• OBJECT / A | Exhibitions | Deb Covell: Here and Now
    Present (2016)
    Gesso and Acrylic Paint
    140 x 140 cm
    Photo: Cathal Carey
  • OBJECT / A | Exhibitions | Deb Covell: Here and Now
    Present (2016)
    Gesso and Acrylic Paint
    Photo: Cathal Carey
  • OBJECT / A | Exhibitions | Deb Covell: Here and Now
    Present (2016)
    Gesso and Acrylic Paint
    Photo: Cathal Carey
  • OBJECT / A | Exhibitions | Deb Covell: Here and Now
    Present (2016)
    Gesso and Acrylic Paint
    Photo: Cathal Carey
  • OBJECT / A | Exhibitions | Deb Covell: Here and Now
    Present (2016) [Detail]
    Gesso and Acrylic Paint
    Photo: Cathal Carey

Deb Covell: Here and Now

20 February - 2 April 2016

Here and Now introduces Present (2016), a pivotal new work by Deb Covell which announces the culmination of a process in which she arrives at the most complete physical structure – a black square.

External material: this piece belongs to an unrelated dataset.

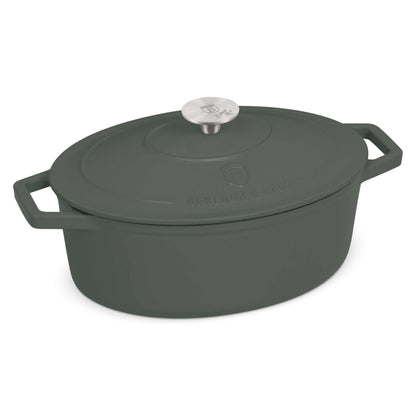 Asador Ovalado De Hierro Fundido De 30 Cm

Covell's practice explores paint's sculptural potential; its material and conceptual properties are central to a work's creation. Here and Now comprises one work in which Covell's experiments with paint as a sculptural entity reach its climax: Present. In Present, Covell alludes to prominent moments in 20th Century Modernism such as Malevich's Black Square (1915) as well as similar iterations in Laurence Sterne's novel Tristram Shandy (1759) and Robert Fludd's The Metaphysical, Physical, and Technical History (1617). Malevich's Black Square constitutes a "zero state", in Tristram Shandy it represents death, and with Fludd it symbolises an empty space prior to the universe.

Present is a work which comprises paint layers, an object whose work processes inhabit its structure. Its inception as a sole strip on polythene whose composition slowly evolves into layers eventually results in a structure wherein pictorial space inheres within each layer. Covell then peels away the polythene which releases the paint layers that recite the work's internal narrative. Covell's systematic process starts with oblique strips that vary in width which create perspective and illusionistic space; eventually she adds strips whose equal widths shrink the picture plane. As the work expands Covell introduces wider white vertical strips to collapse perspective as well as wider horizontal layers; over time the work starts to resemble a square. In this process Covell unites the antithetical concepts in Piet Mondrian's Neo-Plasticism movement, whose works employ only vertical and horizontal lines as they represent order, with Theo Van Doesburg's concept "Elementarism" which espouses only the use of oblique lines as they represent movement.

In Present Covell creates a work in which paint layers accumulate to construct a monochrome; in contrast to the Modernist monochrome, Present is pure paint and its suspension without a support reiterates its sculptural volume. Without a wall support Present is a monochrome at its initial perception, a monolithic black; its suspension allows us to view the composition when at its other side, the paint strips that overlap to create its structure. As a work Present contains various oppositions such as chaos and order, stasis and movement, white and black. In this sense, Present echoes Robert Fludd's idea in which the square contains space but indicates endlessness; in his illustration he accepts the limits of representation as the square's periphery states: "And so on to infinity . . ."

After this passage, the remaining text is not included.